Table 7 Error analysis on DREAM. The column of “Proportion” reports the percentage of question types among 200 samples that are from the development set of DREAM dataset

8 Related work

Machine Reading Comprehension

In recent years, many MRC datasets have been released to solve different task scenarios, e.g., cloze-style [8, 9], extractive/abstractive answer [6, 15, 16, 22, 25], multi-choice [17], conversational QA [3, 26], multi-hop [38, 43], and whether external knowledge is needed [4, 13, 19, 30, 46]. Most MRC datasets that require external knowledge such as ARC, DREAM, OpenBookQA, CommonsenseQA and CosmosQA are designed in a multi-choice form. In this paper, we focus on the multi-choice MRC task. Hence, we choose CosmosQA, DREAM and RACE in the experiments. For multi-choice MRC, existing methods include designing the interaction among the passage, question and option [35, 47, 50], or transfer learning through data augmentation [14]. Nevertheless, these methods do not rely on commonsense knowledge for logical reasoning.

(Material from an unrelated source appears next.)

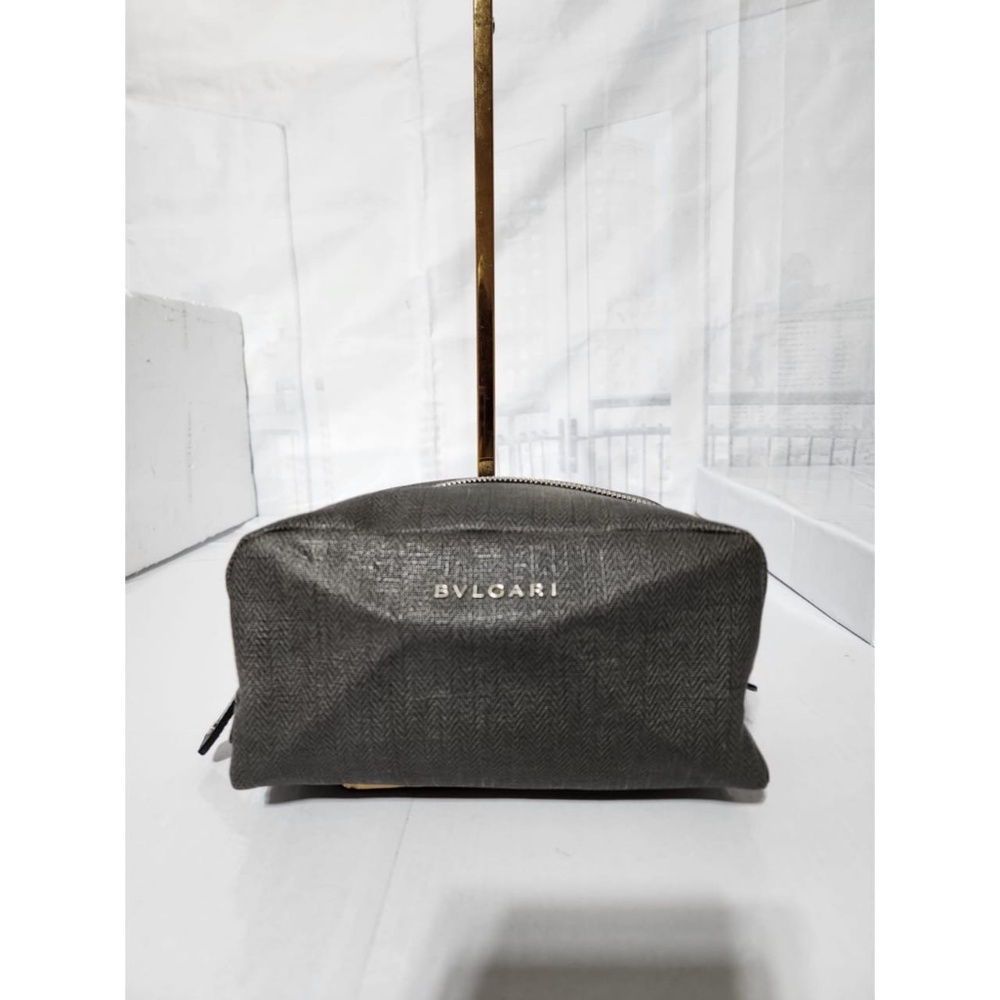 Authentic Bvlgari Weekend Toiletry/Make up Pouch Black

Integrating External Knowledge for MRC

Existing work has utilized structured knowledge from KBs/KGs to improve performance on MRC and QA. Existing work has utilized structured knowledge from KBs/KGs to improve performance on MRC and QA. Yang et al. [42] incorporate retrieved knowledge into LSTM by employing an attention mechanism with a sentinel. Bauer et al. [1] select grounded multi-hop relational commonsense information from ConceptNet via pointwise mutual information and term-frequency based scoring function and use a selectively gated attention mechanism to fuse the knowledge. Mihaylov et al. [20] introduce a mixed attention to external knowledge for cloze-style reading comprehension. Chen et al. [2], Wang et al. [33] and Zhong et al. [49] explore the effect of semantic relations from KGs such as ConceptNet on MRC. Wang et al. [32] propose a data enrichment method, which uses WordNet to extract inter-word semantic connections as general knowledge from each given passage-question pair. Xiong et al. [40] retrieve the corresponding entities and relation from text to aggregate answer evidence from an incomplete KB. Yang et al. [41] take BERT as encoder and employ an attention mechanism similar to Yang et al. [42] to fuse globally pre-trained knowledge downstream. Compared to these methods, we mainly focus on plug-in fusion methods and explore token-level multi-hop commonsense representation integration instead of relation embeddings.

Injecting knowledge into LMs

Neural networks and deep learning have been widely used in many fields such as computer vision and image processing [10,11,12, 44, 45]. Recently, pre-trained deep language models such as BERT have shown powerful achievements in downstream NLP tasks including MRC. The injection of external knowledge to LMs can be generally divided into two groups. Methods in the first group design auxiliary knowledge-driven objectives and updating parameters in a multi-task learning manner [24, 37, 39, 48], which requires pre-calculating knowledge representation and even pre-training BERT from scratch. The second group is to pre-train external modules to assist LMs [34, 49]. In contrast, our fusion methods are to directly fine-tune on the target MRC datasets.

9 Conclusion

This paper introduces increment BERT with three plug-in fusion methods, which enhances the vanilla BERT with commonsense representations from ConceptNet. We have used pre-computed ConceptNet embeddings as external knowledge representation and introduced a mask mechanism for token-level multi-hop relationship searching to filter external knowledge, so as to enable the self-attention in BERT to identify the knowledge-aware tokens effectively. Our variants of proposed methods have achieved significant improvements over baseline on two knowledge-driven multi-choice datasets. Experiments on few-commonsense dataset RACE shows that the introduction of external knowledge will not cause loss to the original text information understanding. Future work can start with more granular relationships to integrate external knowledge and how to design an effective yet efficient model architecture for practical deployment.